What the task asks:
Leaving out all pictures, reproduce the entries below exactly, from the first line through the line that contains "Mitchell & Ness".

Web page caption snippets:
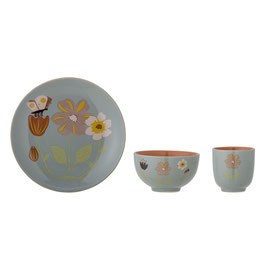 Kindergeschirr mit Blumen Schmetterlinge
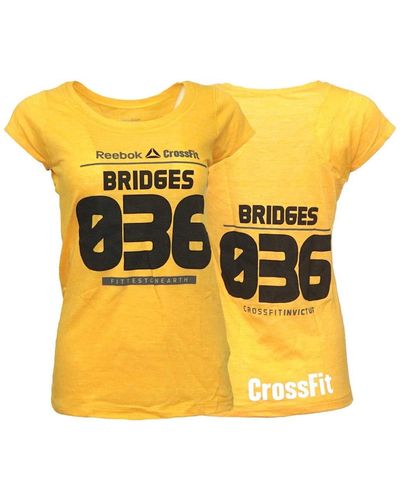Reebok Josh Bridges 2013 Crossfit Games Orange Athlete Jersey Playdry Performance T-shirt A35683 - Yellow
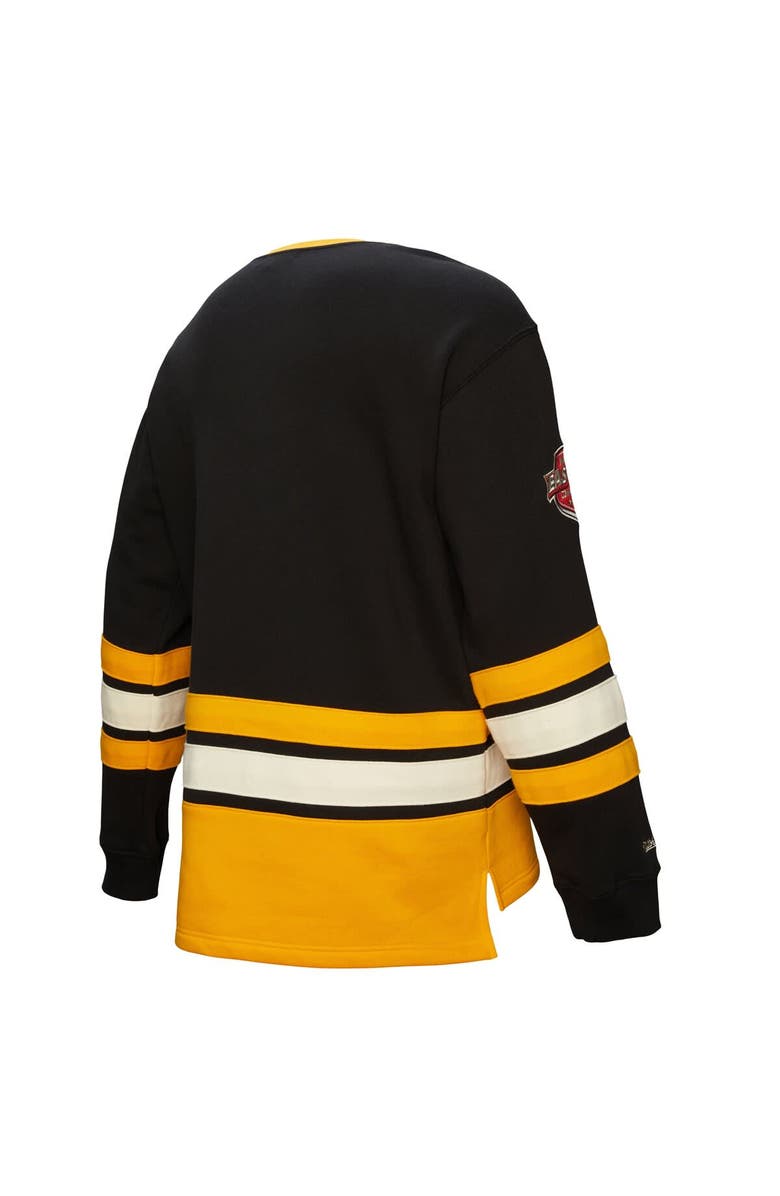 Mitchell & Ness Men's Black Boston Bruins Heritage Lace-Up Pullover Sweatshirt, Alternate, color, Black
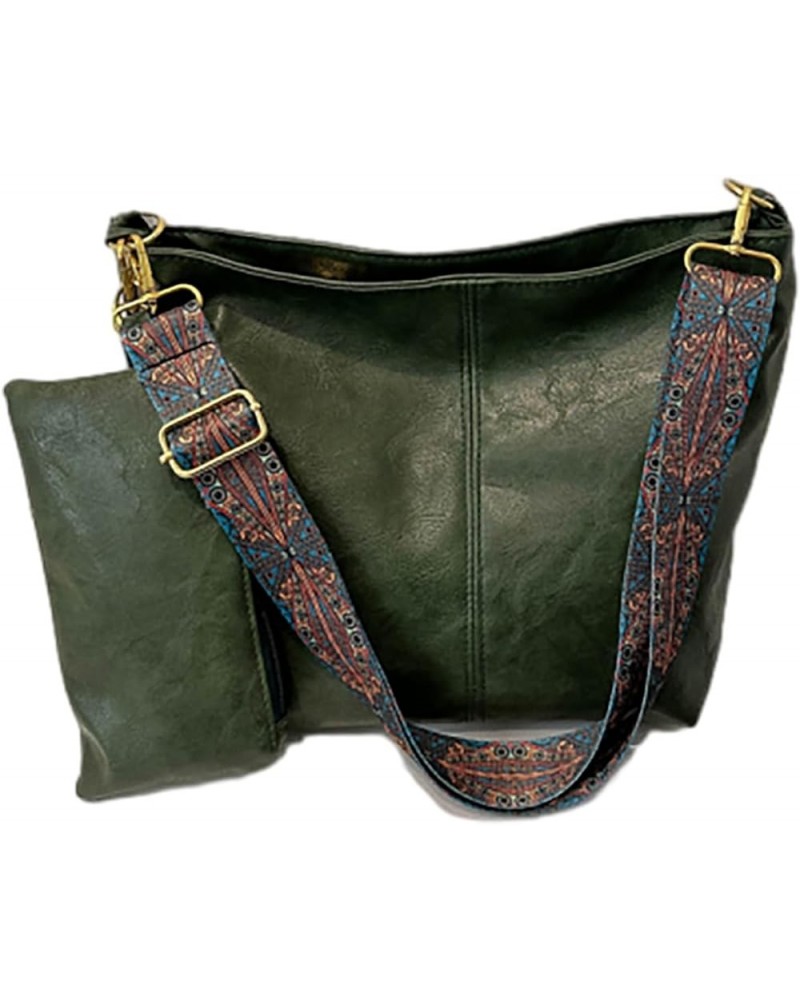 Boho Guitar Strap Crossbody Bags Purse Shoulder Bag Handbags For Women Trendy Boho Bucket Bag Purses Tote B5-green $11.27 Cro...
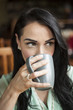 Photo: Beautiful Young Woman with Brown Hair and Eyes Beautiful Young Woman with Brown Hair and Eyes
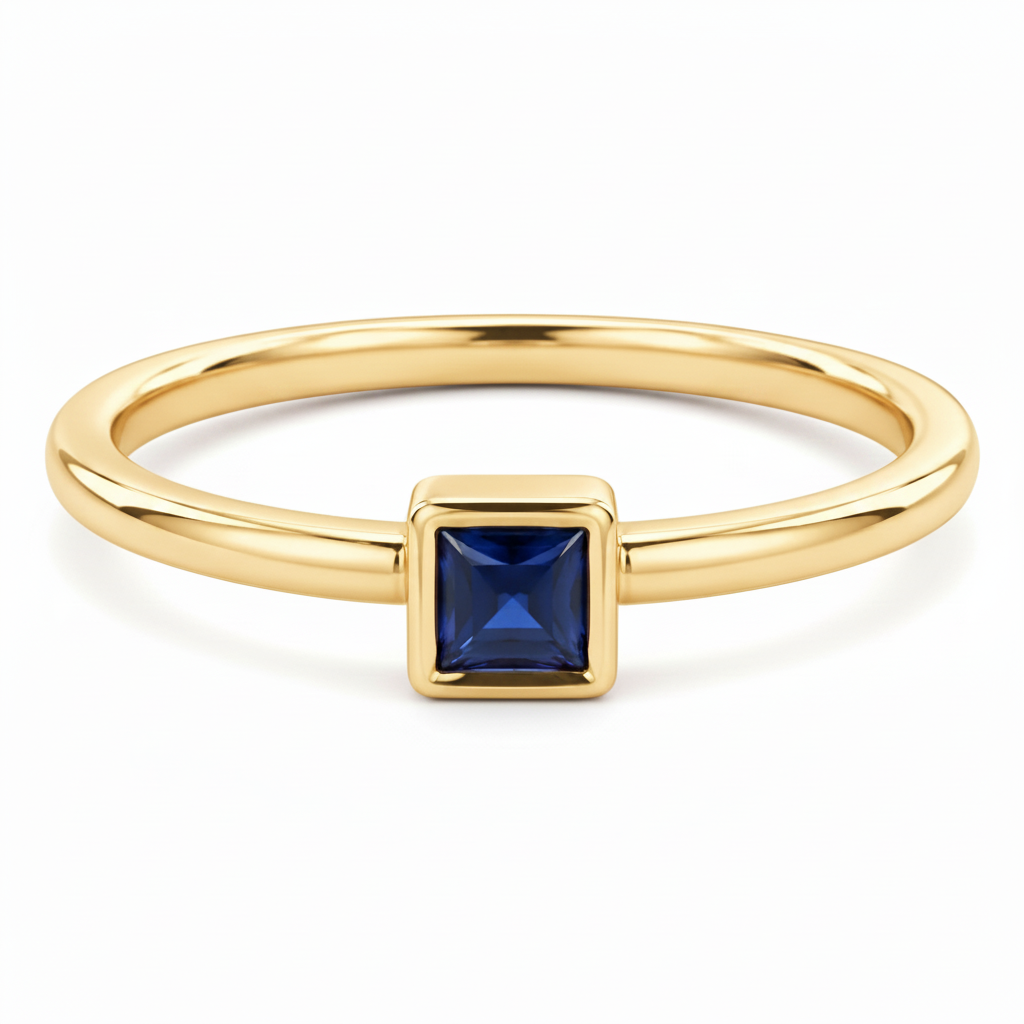 14 Karat White Gold Mini Solitaire Birthstone Square-Cut Sapphire Ring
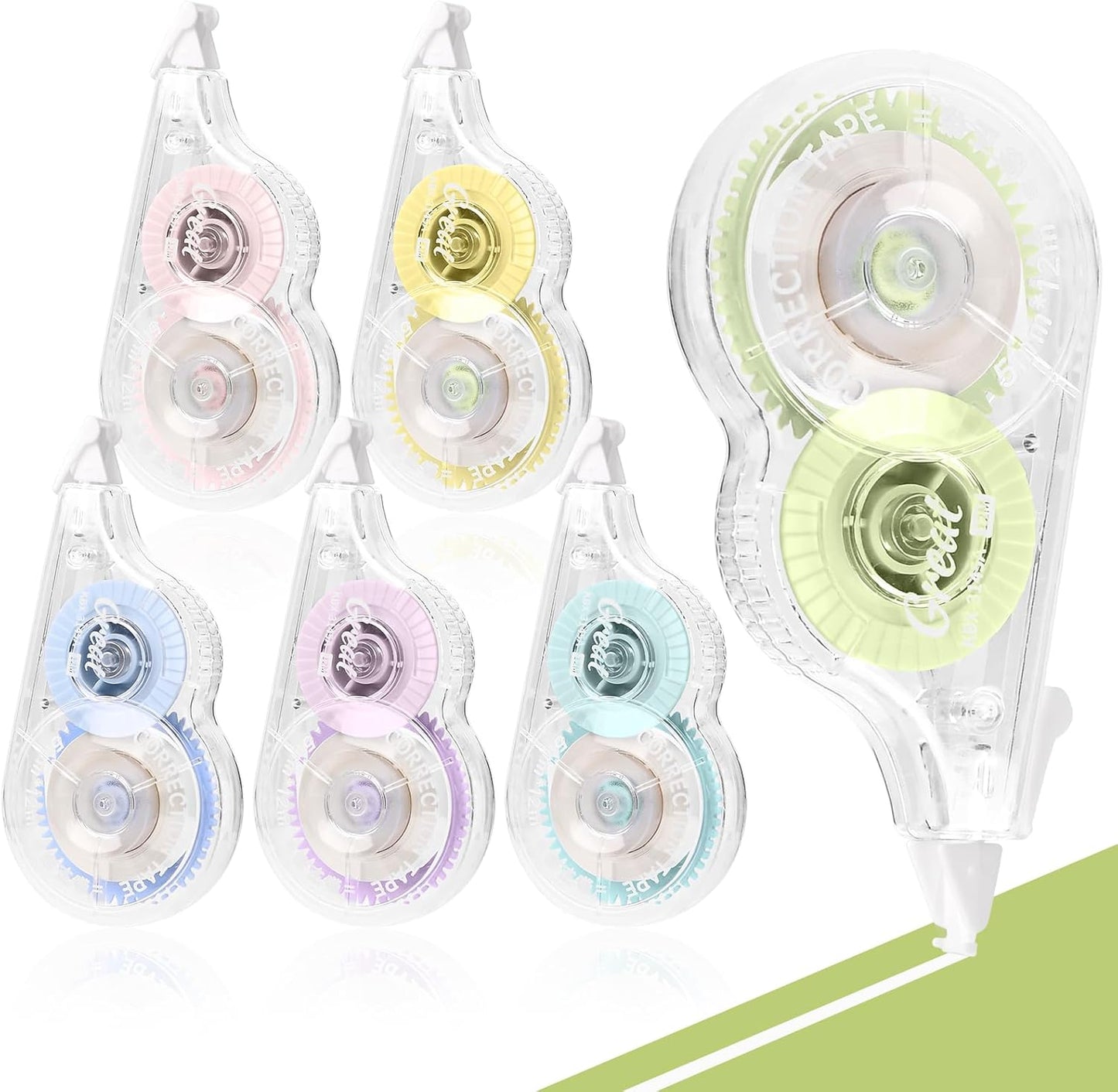 Temiary 6 Pcs Correction Tapes for Instant Corrections, Easy To Use White Smooth Pull Out Tape, Aesthetic Correction Tape for School Office (Macaron)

Result of the exercise:
 Kindergeschirr mit Blumen Schmetterlinge
Reebok Josh Bridges 2013 Crossfit Games Orange Athlete Jersey Playdry Performance T-shirt A35683 - Yellow
 Mitchell & Ness Men's Black Boston Bruins Heritage Lace-Up Pullover Sweatshirt, Alternate, color, Black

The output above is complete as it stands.